Beginning at the line that contains "Четырехместный Номер Стандарт, Hazeldene", repeat each line exactly through the last one of the records below, and leave out the pictures.

### SUPPLIED DATA:
+ + + + + + +

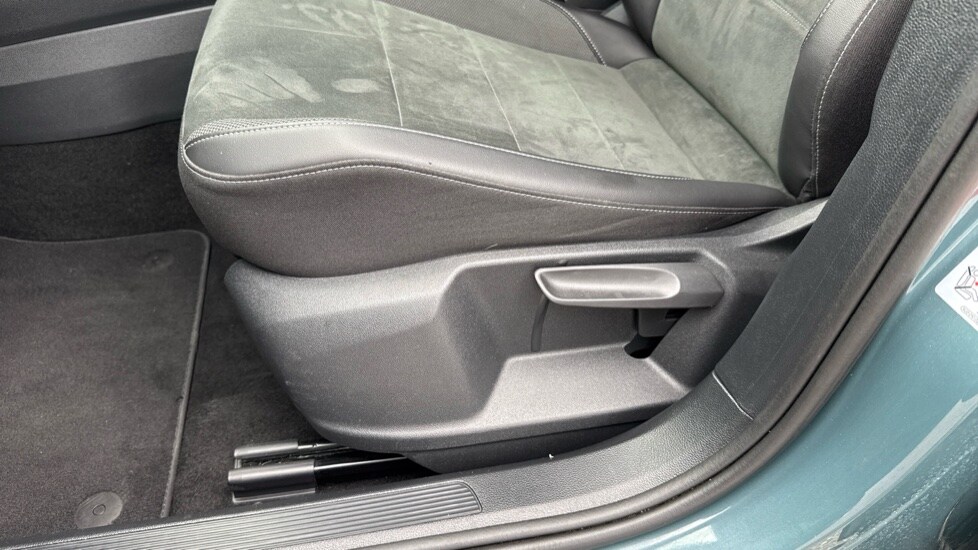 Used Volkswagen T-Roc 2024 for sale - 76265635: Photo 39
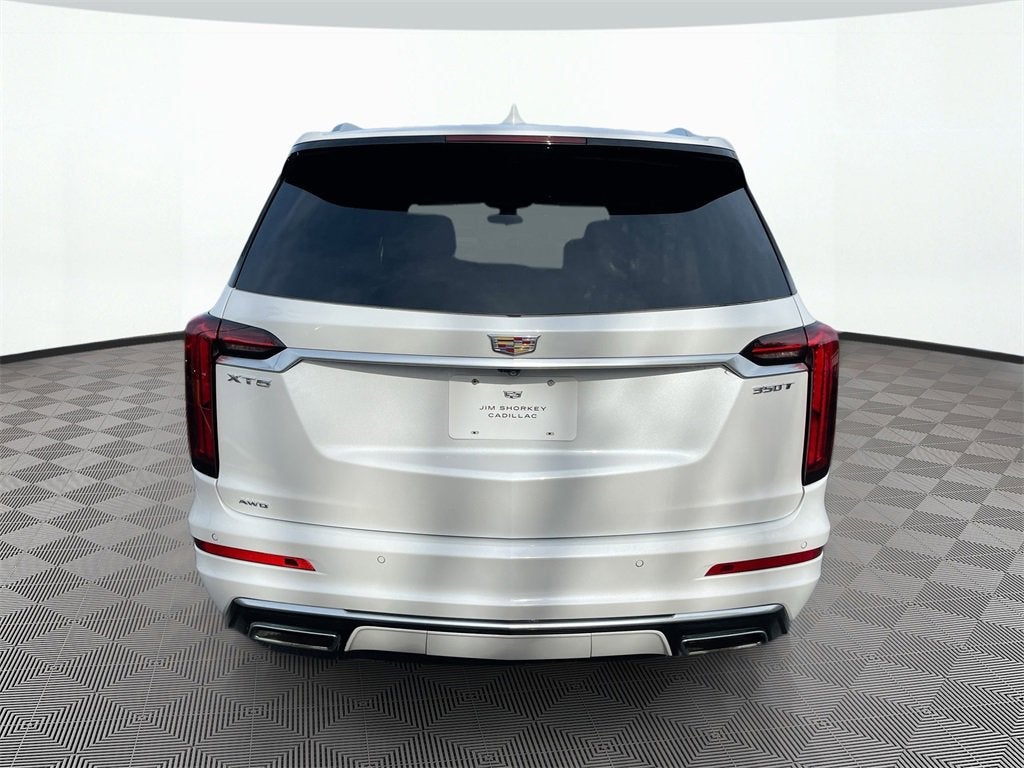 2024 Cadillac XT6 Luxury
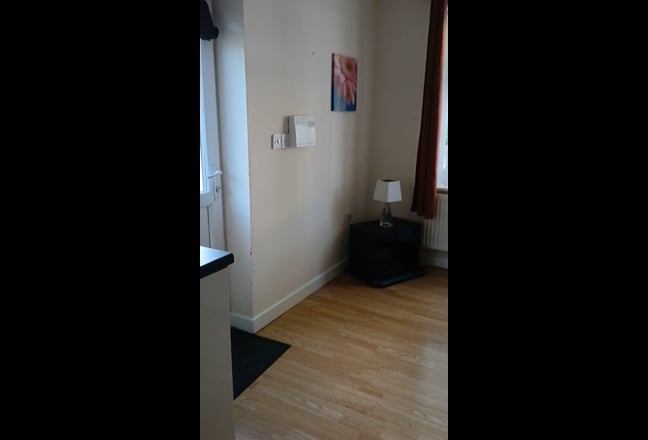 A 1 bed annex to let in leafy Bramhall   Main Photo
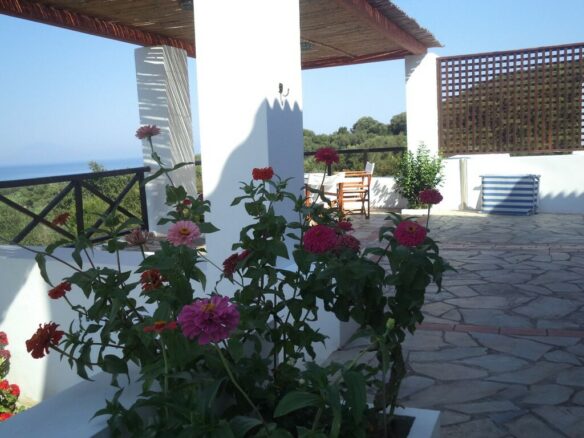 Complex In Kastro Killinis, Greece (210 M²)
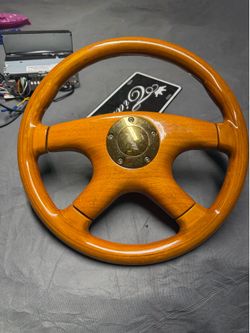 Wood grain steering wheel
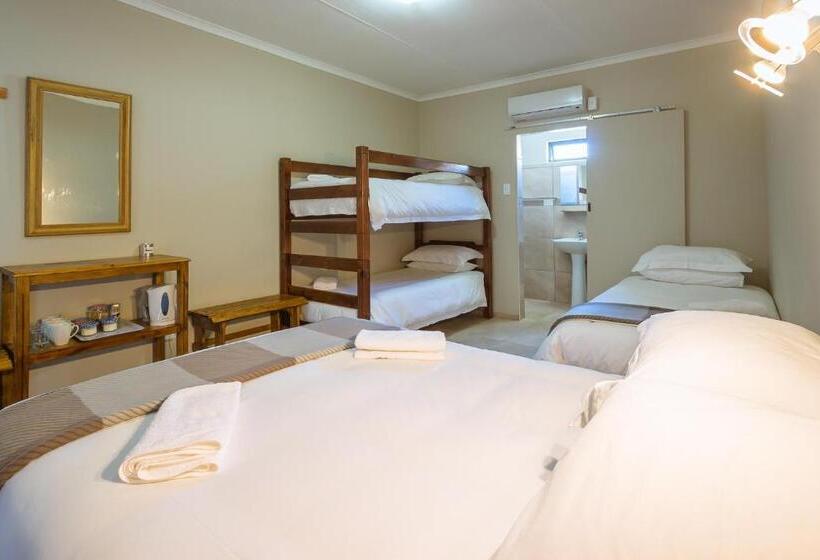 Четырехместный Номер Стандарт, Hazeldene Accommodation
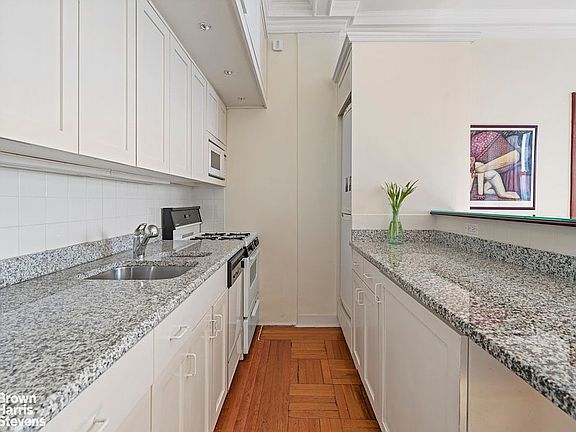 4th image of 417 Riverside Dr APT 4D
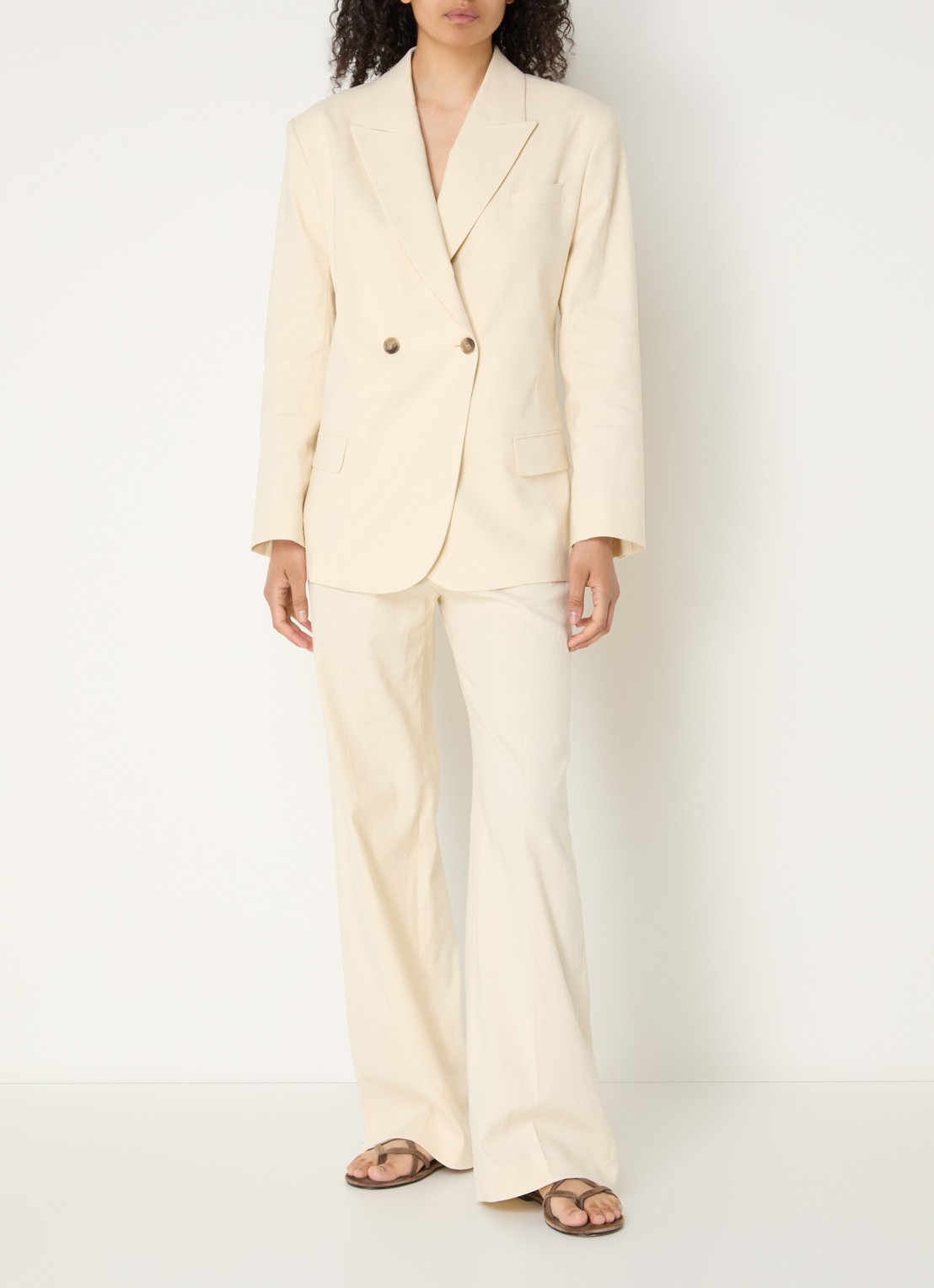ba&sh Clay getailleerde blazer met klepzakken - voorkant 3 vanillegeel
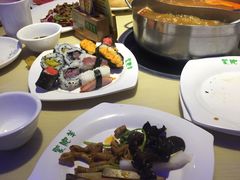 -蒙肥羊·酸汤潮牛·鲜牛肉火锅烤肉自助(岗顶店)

+ + + + + + +

### TASK OUTPUT:
 Четырехместный Номер Стандарт, Hazeldene Accommodation
 4th image of 417 Riverside Dr APT 4D
ba&sh Clay getailleerde blazer met klepzakken - voorkant 3 vanillegeel
 -蒙肥羊·酸汤潮牛·鲜牛肉火锅烤肉自助(岗顶店)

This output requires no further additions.